Les relations de voyage, avec Millin et tant d'autres, se multiplient au début du XIXe siècle. Le mouvement est donné : rien ne l'arrêtera plus, et il faut mettre ici en évidence, après l'action sentimentale du romantisme, l'action décisive qu'a exercée, dans le domaine matériel, le développement des moyens de transport : au fur et à mesure que les déplacements devenais plus faciles, le rivage méditerranéen voyait affluer les visiteurs, et c'est proprement vers le milieu du XIXe siècle, lorsque la voie ferré atteint Toulon, puis Cannes, puis Nice, que l'âge d'or s'ouvre pour les stations du Sud-Est. Par la suite, il n'est pas un progrès de circulation automobile qui ne soit traduit par un nouvel afflux vers ce coin fortuné de la Belle France.
Aujourd'hui, la voie ferrée déverse sur la côte de Provence un véritable fleuve humain. La route voit passer des cortèges de voitures privées et de cars, partis des points les plus éloignés de France et d'Europe ; les scooters s'insèrent dans la fil ; les voies de l'air fournissent un appoint important.
C'est ainsi que nous sommes entrés dans une des phrases les plus intéressantes de l'évolution exceptionnelle de cette région.
La qualité, l'origine des visiteurs ont subi de profonds changements : on a vu disparaître certaines colonies, telle la russe, complètement absente depuis la première guerre mondiale. La colonie américaine, en revanche, tient la première place. Les Anglais, qui ont joué un rôle, primordial dans l'essor de Cannes, ont vite retrouvé le chemin de leur station favorite dès que les contraintes financières qui entravaient leurs déplacements ont été allégées.

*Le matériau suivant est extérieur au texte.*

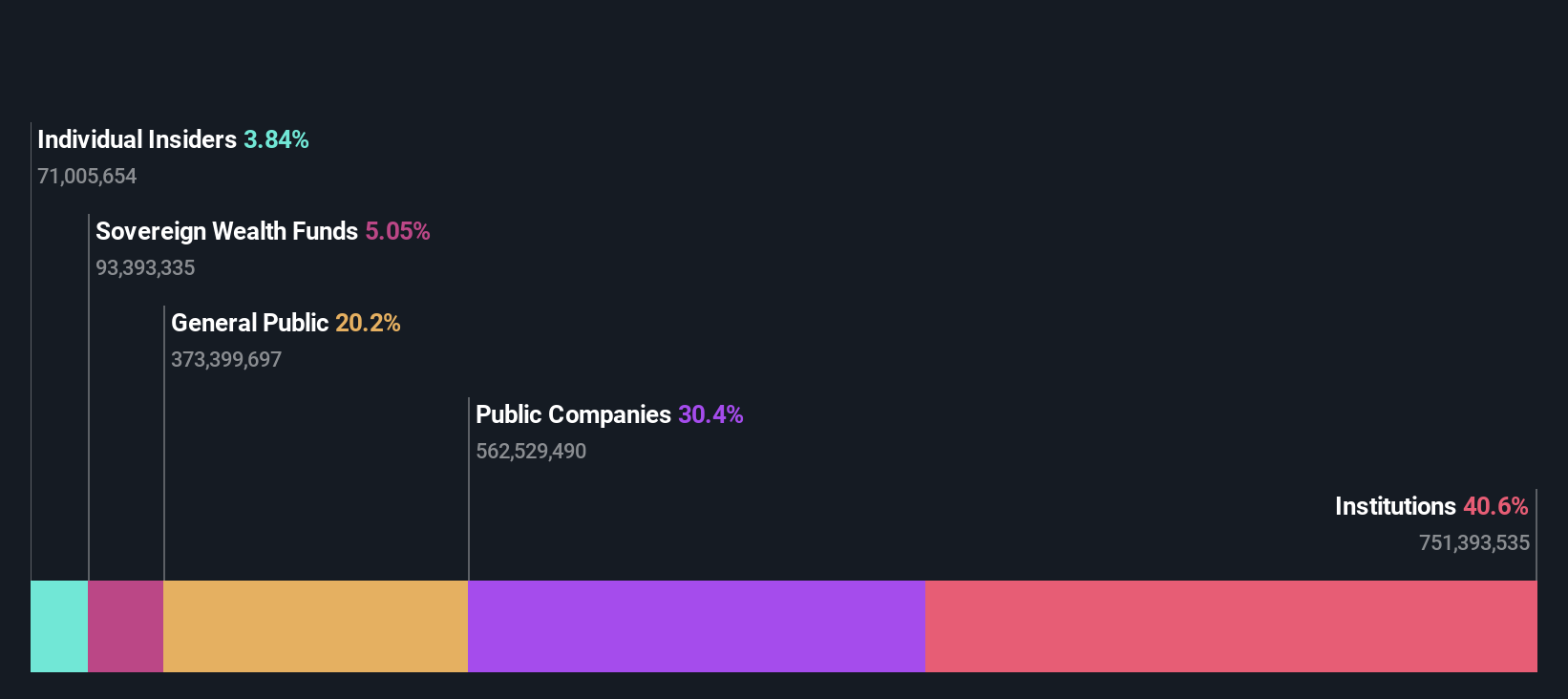 ownership-breakdown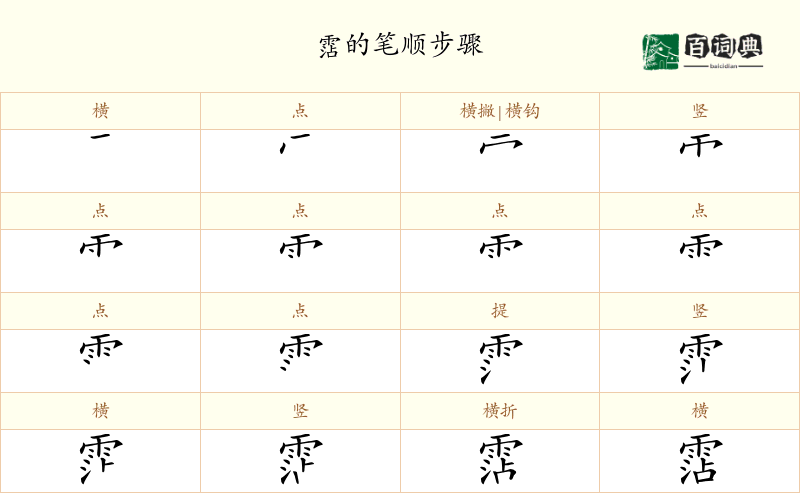 霑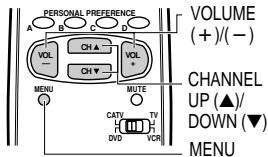 SHARP 27F541 - ● How to set CLOSED CAPTION - 2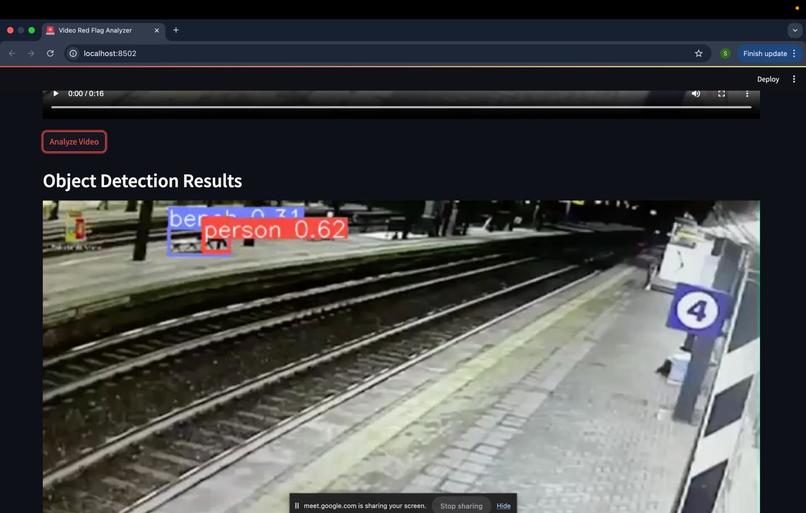 VisionSentinel AI – screenshot 2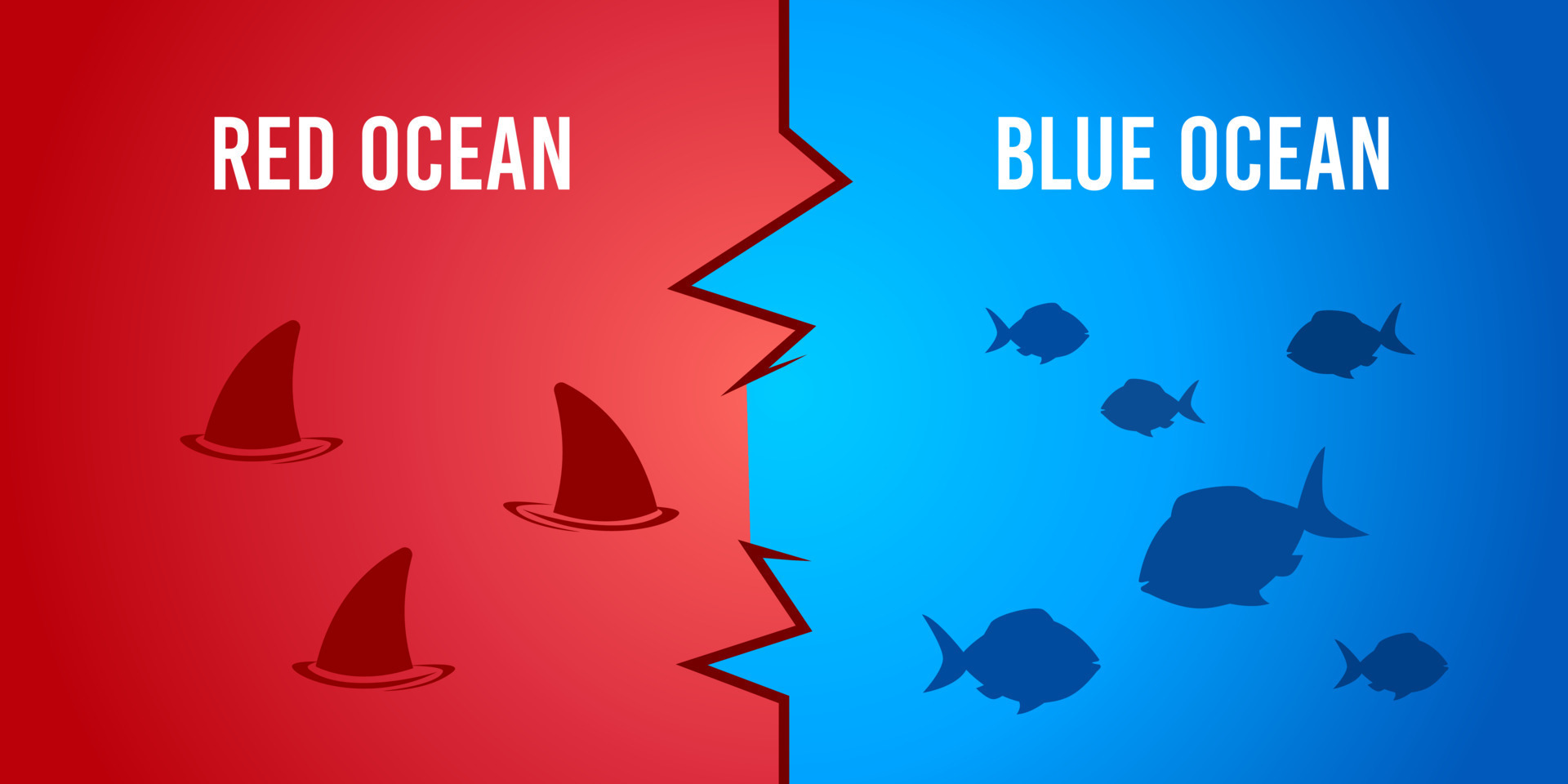 Red Ocean and Blue Ocean. Blue Ocean strategy business marketing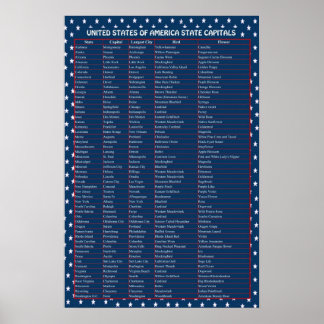 United Staaten Hauptstadt Poster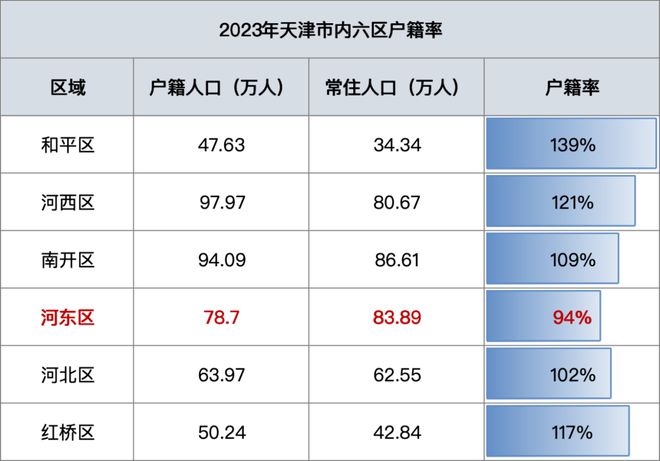 揭秘！天津新一代市区别墅社区来了！格调果然大手笔(图10)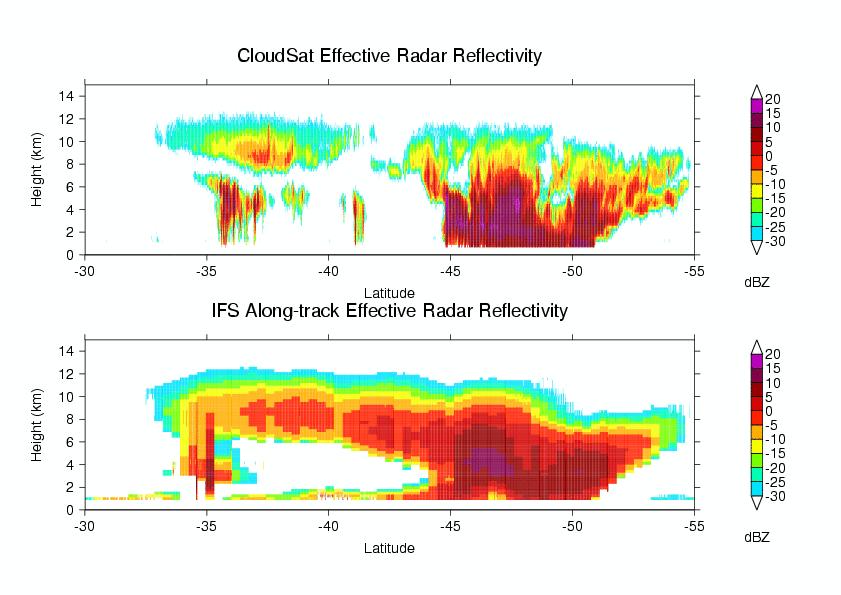 Comparing like-with-like: Radar reflectivity Examples:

Durant la saison d'hiver 1953-1954, sur 51 000 touristes reçus à Cannes, il y avait 39 000 Français ,3 400 Anglais, 4 500 Américains, 2 090 Suisses, 2 170 Belges.
Tous cela, on le devine, a entraîné de nettes transformations dans l'économie du pays : des hôtels ont dû fermer, faute d'étrangers en nombre suffisant ; des palaces ont été convertis en appartements particuliers, sans que cela empêche l'édification en copropriété d'immeubles neufs et la construction de belles villas ; des cités de bungalows ont été créées en peu de temps en des points où la pinède était reine ; le Touring Club de France a édifié des Villages de Vacances ; par les soins apportés à l'organisation des Villages de toile, dans les environs d'Hyères, de Cavalière, aux portes de Saint-Raphaël, à la Napoule, dans l'ancien terrain de golf, non loin de la Siagne, à Juan-les-Pins... la Côte d'Azur est devenue, l'été, le paradis des campeurs.
A tous, elle dispense ses joies innombrables.